In the entries below, return only the line containing "Maliban Lemon Puff" and those after it, exactly, through the last line.
START Records to process
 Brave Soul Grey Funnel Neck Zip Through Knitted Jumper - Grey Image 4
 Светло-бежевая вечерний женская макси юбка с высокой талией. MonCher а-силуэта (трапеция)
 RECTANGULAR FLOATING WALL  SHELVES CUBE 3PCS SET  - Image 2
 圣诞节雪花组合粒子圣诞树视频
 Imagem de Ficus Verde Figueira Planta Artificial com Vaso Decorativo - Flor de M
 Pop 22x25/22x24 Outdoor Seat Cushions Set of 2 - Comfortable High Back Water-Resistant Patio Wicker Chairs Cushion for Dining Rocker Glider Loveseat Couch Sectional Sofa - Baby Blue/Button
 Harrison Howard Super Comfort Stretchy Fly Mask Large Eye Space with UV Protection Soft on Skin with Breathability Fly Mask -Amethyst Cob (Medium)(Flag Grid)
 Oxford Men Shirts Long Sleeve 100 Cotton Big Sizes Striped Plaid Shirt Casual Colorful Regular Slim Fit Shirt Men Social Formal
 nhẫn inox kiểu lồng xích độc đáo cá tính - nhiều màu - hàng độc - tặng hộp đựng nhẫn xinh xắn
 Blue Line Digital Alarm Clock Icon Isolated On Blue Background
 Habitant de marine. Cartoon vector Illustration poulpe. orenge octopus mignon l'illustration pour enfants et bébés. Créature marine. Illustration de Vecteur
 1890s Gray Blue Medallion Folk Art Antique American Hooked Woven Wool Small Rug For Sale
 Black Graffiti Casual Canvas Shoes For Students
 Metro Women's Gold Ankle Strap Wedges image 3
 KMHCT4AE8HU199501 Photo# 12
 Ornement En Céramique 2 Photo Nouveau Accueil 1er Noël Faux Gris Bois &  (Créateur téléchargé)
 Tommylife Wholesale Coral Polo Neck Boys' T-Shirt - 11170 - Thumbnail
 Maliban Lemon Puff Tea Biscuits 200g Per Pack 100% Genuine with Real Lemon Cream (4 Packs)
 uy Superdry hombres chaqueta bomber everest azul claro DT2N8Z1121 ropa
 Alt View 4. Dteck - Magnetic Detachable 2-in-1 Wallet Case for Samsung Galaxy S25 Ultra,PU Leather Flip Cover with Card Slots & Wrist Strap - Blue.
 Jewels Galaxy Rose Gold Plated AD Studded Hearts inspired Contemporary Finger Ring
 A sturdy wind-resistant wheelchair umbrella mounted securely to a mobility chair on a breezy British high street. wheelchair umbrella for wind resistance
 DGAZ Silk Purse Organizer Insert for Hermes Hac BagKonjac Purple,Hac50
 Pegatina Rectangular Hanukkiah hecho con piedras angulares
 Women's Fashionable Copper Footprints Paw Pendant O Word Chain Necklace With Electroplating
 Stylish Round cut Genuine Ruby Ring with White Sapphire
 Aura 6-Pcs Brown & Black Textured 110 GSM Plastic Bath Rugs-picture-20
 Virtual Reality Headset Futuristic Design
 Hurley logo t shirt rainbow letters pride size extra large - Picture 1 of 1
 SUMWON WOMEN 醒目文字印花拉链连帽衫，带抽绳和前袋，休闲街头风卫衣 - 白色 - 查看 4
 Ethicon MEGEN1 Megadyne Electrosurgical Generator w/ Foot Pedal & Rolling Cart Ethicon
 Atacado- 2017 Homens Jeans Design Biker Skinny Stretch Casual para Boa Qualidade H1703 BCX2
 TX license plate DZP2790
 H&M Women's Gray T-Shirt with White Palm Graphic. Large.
END Records to process
## Response to this task
 Maliban Lemon Puff Tea Biscuits 200g Per Pack 100% Genuine with Real Lemon Cream (4 Packs)
 uy Superdry hombres chaqueta bomber everest azul claro DT2N8Z1121 ropa
 Alt View 4. Dteck - Magnetic Detachable 2-in-1 Wallet Case for Samsung Galaxy S25 Ultra,PU Leather Flip Cover with Card Slots & Wrist Strap - Blue.
 Jewels Galaxy Rose Gold Plated AD Studded Hearts inspired Contemporary Finger Ring
 A sturdy wind-resistant wheelchair umbrella mounted securely to a mobility chair on a breezy British high street. wheelchair umbrella for wind resistance
 DGAZ Silk Purse Organizer Insert for Hermes Hac BagKonjac Purple,Hac50
 Pegatina Rectangular Hanukkiah hecho con piedras angulares
 Women's Fashionable Copper Footprints Paw Pendant O Word Chain Necklace With Electroplating
 Stylish Round cut Genuine Ruby Ring with White Sapphire
 Aura 6-Pcs Brown & Black Textured 110 GSM Plastic Bath Rugs-picture-20
 Virtual Reality Headset Futuristic Design
 Hurley logo t shirt rainbow letters pride size extra large - Picture 1 of 1
 SUMWON WOMEN 醒目文字印花拉链连帽衫，带抽绳和前袋，休闲街头风卫衣 - 白色 - 查看 4
 Ethicon MEGEN1 Megadyne Electrosurgical Generator w/ Foot Pedal & Rolling Cart Ethicon
 Atacado- 2017 Homens Jeans Design Biker Skinny Stretch Casual para Boa Qualidade H1703 BCX2
 TX license plate DZP2790
 H&M Women's Gray T-Shirt with White Palm Graphic. Large.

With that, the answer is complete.